### Goal of the exercise
Find the line containing "Президент РФ В.Путин", then print it and each line after it through the end of the listing exactly, with no pictures.

### Recorded data
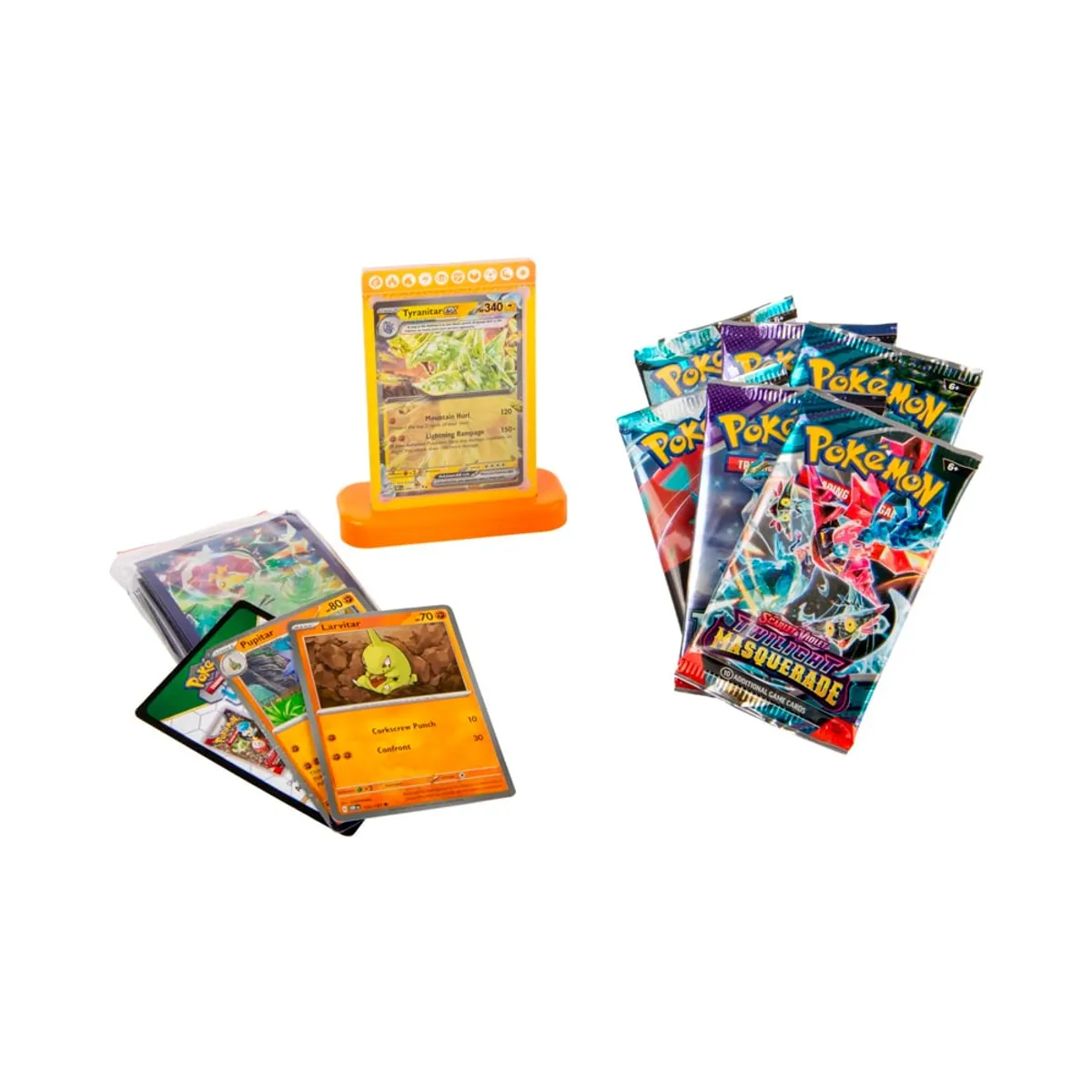 POKEMON - Pokemon TCG Tyranitar Ex Premium Coleccion Ingles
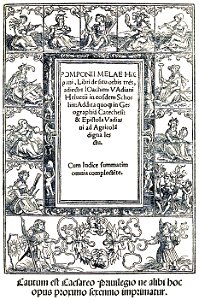 Pomponius Mela book cover
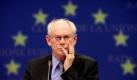 Files - President of the European Council, Belgian Herman Van Rompuy speaks during a news conference at an informal summit of European Union (EU) heads of state and government in Brussels, Belgium 11 February 2010. Belgian Herman Van Rompuy took over as President of the European Council in December 2009. In only four months he became the new key figure in the European Union. EPA/OLIVIER HOSLET +++(c) dpa - Bildfunk+++ Foto: dpa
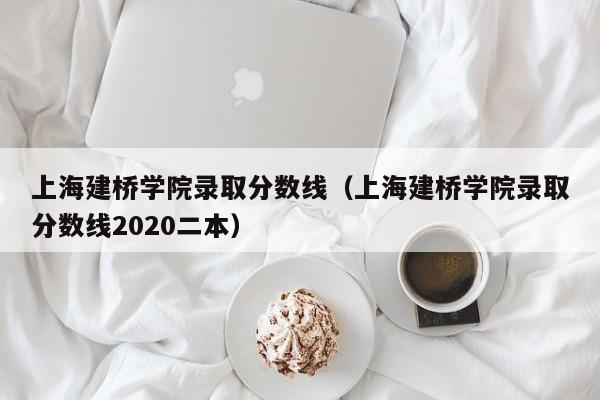 上海建桥学院录取分数线（上海建桥学院录取分数线2020二本）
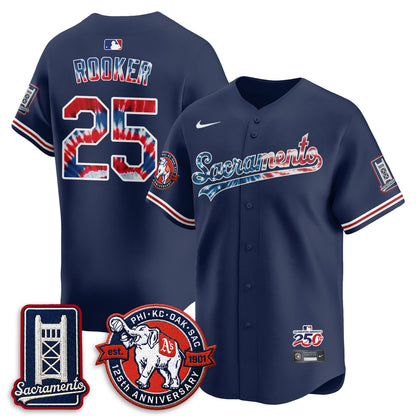 OAK Americana 2026 Vapor Limited Jersey - Stitched-DTD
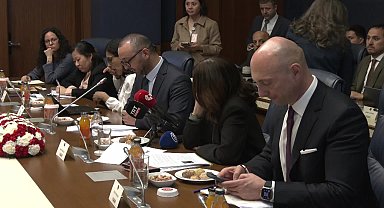 BM Çocuklara Karşı Şiddet Özel Temsilcisi TBMM'de… M'jid: 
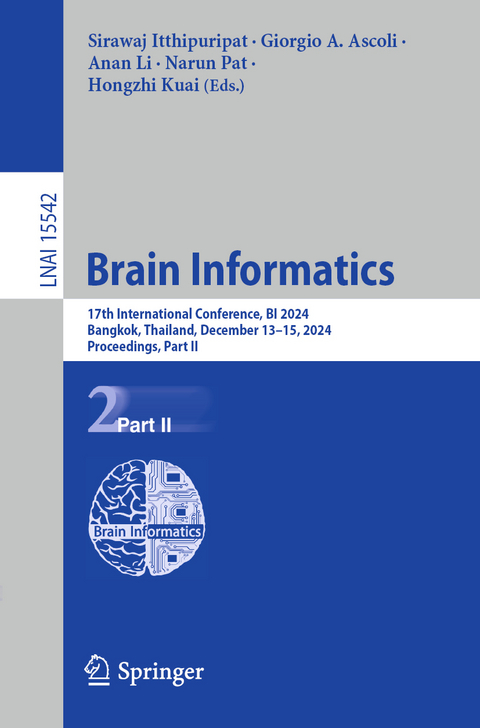 Brain Informatics - 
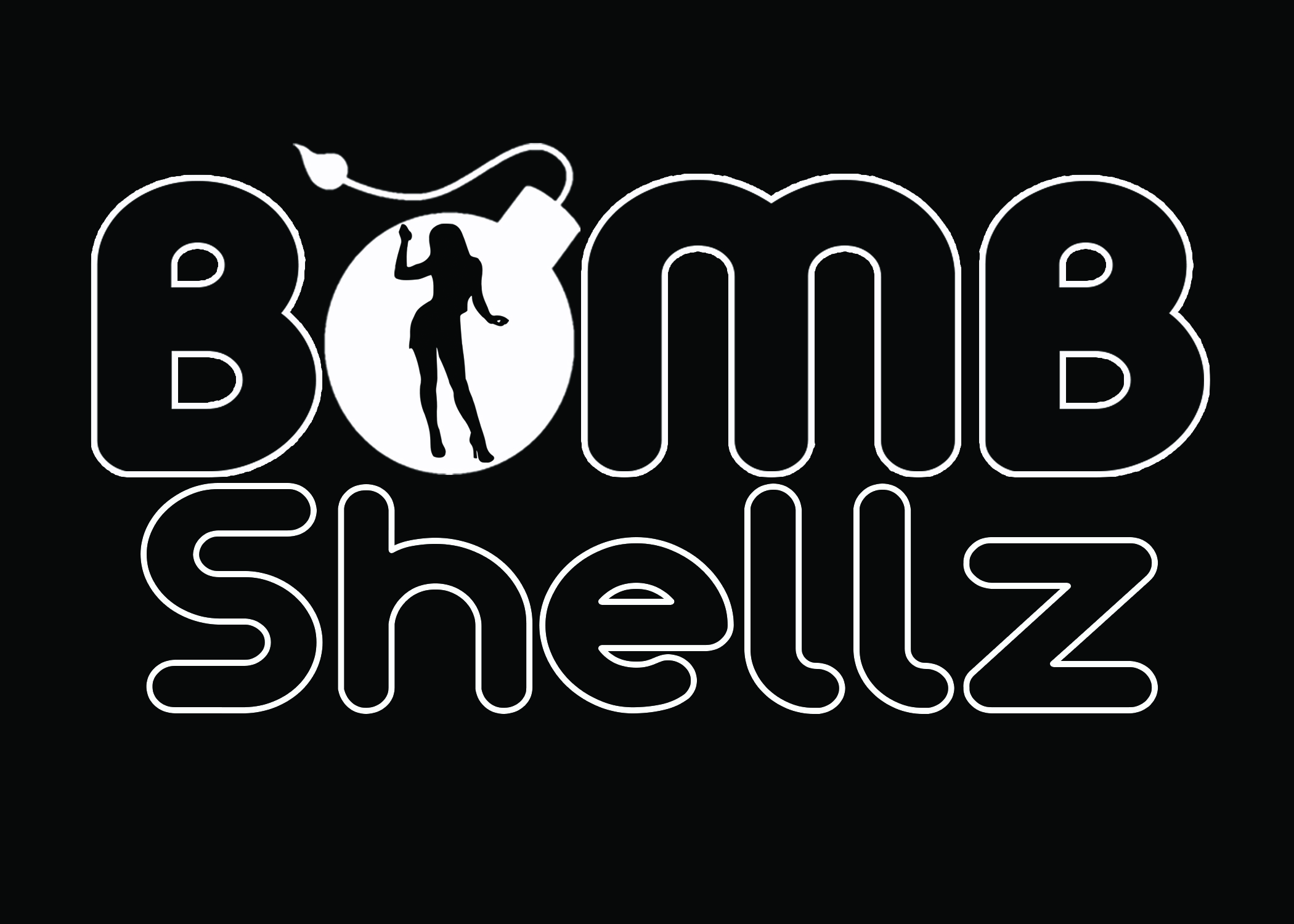 bombshells logo mono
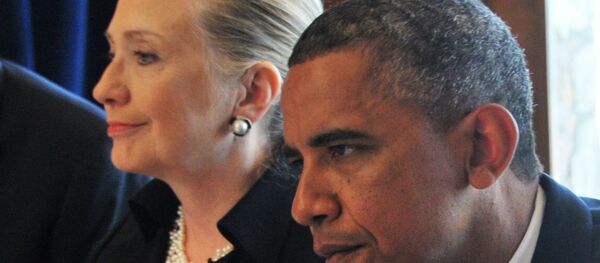 Президент РФ В.Путин встретился с президентом США Б.Обамой - Sputnik Moldova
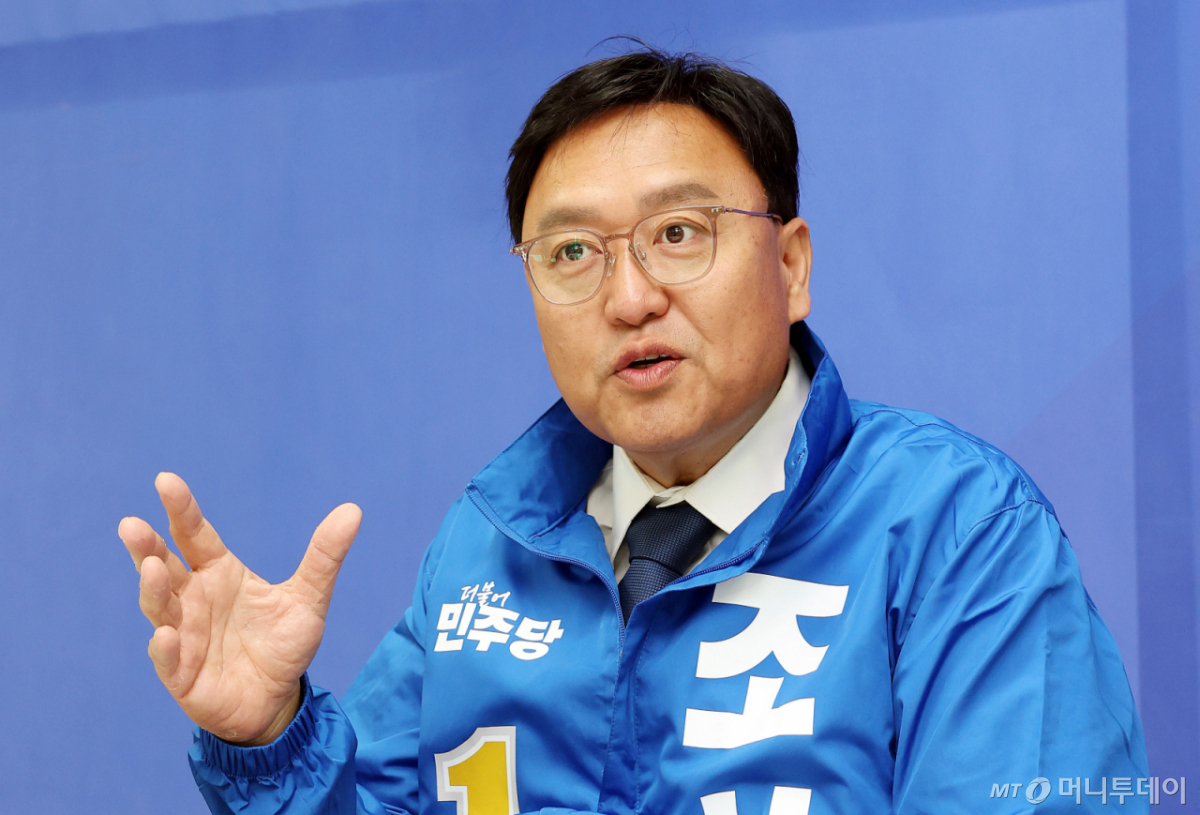 조상호 더불어민주당 세종시장 후보 인터뷰 /사진=김창현 기자 chmt@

### Your response
 Президент РФ В.Путин встретился с президентом США Б.Обамой - Sputnik Moldova
 조상호 더불어민주당 세종시장 후보 인터뷰 /사진=김창현 기자 chmt@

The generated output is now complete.